MÜSAİT BİR YERDE ÖLECEK VAR

Haftaya yenilgiyle başlıyorum yine. 129 okunmamış mail. Tembel olduğumu sanmayın, işe başlayalı daha bir sene bile olmamışken, yöneticimle gerçekleştirdiğim performans görüşmelerinde oldukça yüksek bir puan ve övgü dolu sözler aldım. Veyahut normalde okumuş oldukları mailleri, okunmamış olarak işaretleyen, sürekli meşgul olduğunu göstermeye çabalayan tiplerden de değildimdir. Bilirim ne kadar saçma sapan bir hareket olduğunu. Neysem oyumdur.  
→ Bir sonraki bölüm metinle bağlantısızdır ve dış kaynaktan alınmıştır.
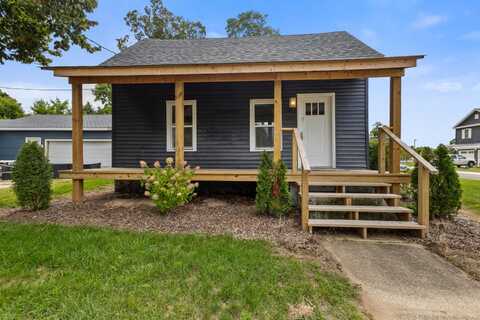 409 Spruce Street, Dowagiac, MI 49047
Bir önceki hafta ise okunmamış mail sayısı 100’ün biraz altındaydı. Her hafta git gide artıyor okunmamış mailler, beklenen işler. Durumun ne kadar zorlayıcı ve çıkmaza gidici olduğunu ifade edebilmek için şunu söyleyebilirim ki, eğer haftaya sıfır okunmamış mail ile başlarsam, o hafta günlük işlerle zaten yeterince dolu olurum. Anlık istenen, beklenen o kadar çok iş var ki, bir de hepsi acele tabi.
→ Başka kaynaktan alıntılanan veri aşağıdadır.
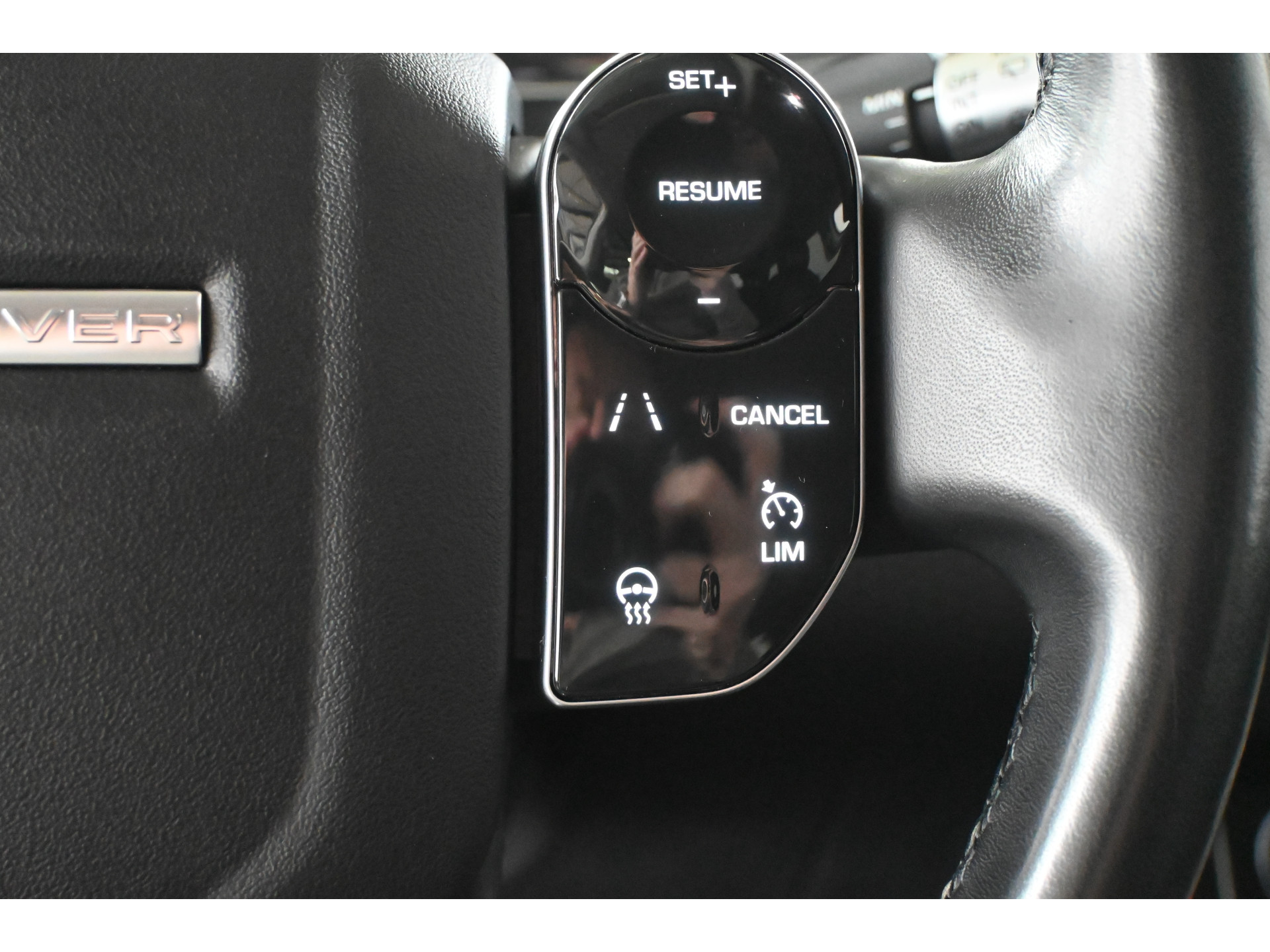 Land Rover Range Rover Evoque 2.0 P200 AWD Automaat Navigatie Leder Stoel/Stuur verwarming Rijklaarprijs Inruil Mogelijk!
Neyse 129 okunmamış mail, sırayla başlayayım dedim. Şükür ki aralarında okunmaya bile değmez olanlar var, okunmamışların sayısının hızla azaldığını gördüğümde garip bir mutluluk çöküyor, potansiyel, uzun süremi alacak mailleri ise sona saklıyorum. Açtığım bir mailin, daha sabahın ilk saatinde olmama rağmen tüm günümü alacağını anlıyorum. Gün içerisinde okunmamış mailler git gide artıyor. Telefon sürekli çalıp duruyor, yan yoncada oturan arkadaşlardan sürekli talepler geliyor. Tıkanmak üzereyim. Biliyorum ki bugün mesaiye kalsam işleri tamamlayamayacağım, yarın da kalmam gerekiyor, ertesi gün de, tüm hafta boyunca da, cumartesi günü gelsem de.
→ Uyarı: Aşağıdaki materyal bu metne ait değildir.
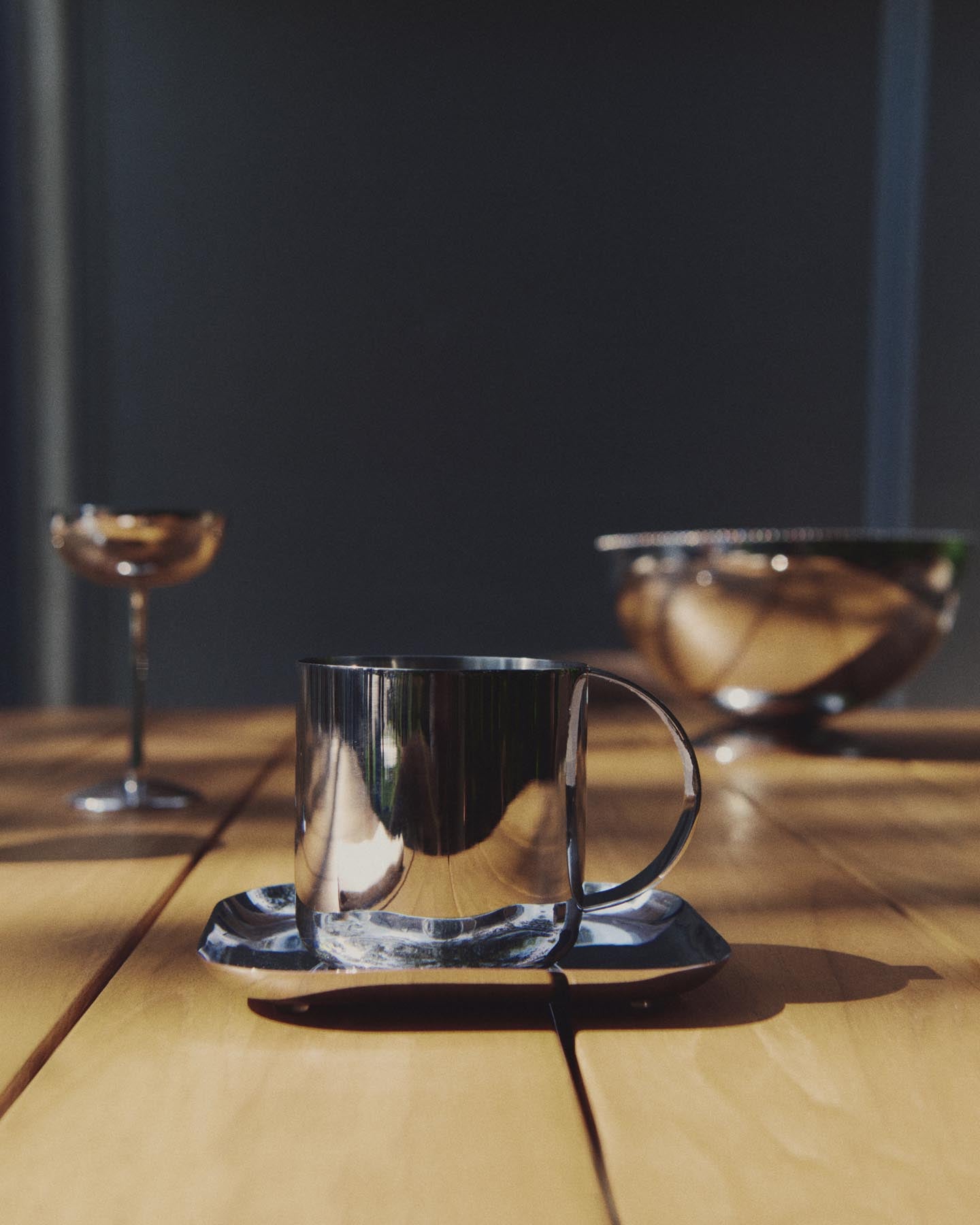 Tasse Nirela aus Edelstahl in Silber präsentiert im Onlineshop von KAQTU Design AG. Tasse ist von Kave Home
Çoğu çalışma arkadaşımın aksine evim iş yerime çok yakın. Ah bir arabam olsa 5 dakikaya evdeyim ama servisle neredeyse yarım saat sürüyor. Bir de servisler ortak hareket etme saati mesai bitimden 15 dakika sonra olunca eve varışım 45 dakika içerisinde gerçekleşiyor. Bir bira açtım kendime. 5 dakikalık mesafeyi nasıl oluyor da 45 dakikada alabiliyorum diye sorgulamaya başlarken durdum. İş işte kalsın dedim. Yüzde sekiz alkol oranına sahip biranın yarısını bir nefeste içtim. Boğazımın yandığını hissediyorum ancak andan uzaklaşma hissi o kadar baskın ki kendimi zorladım.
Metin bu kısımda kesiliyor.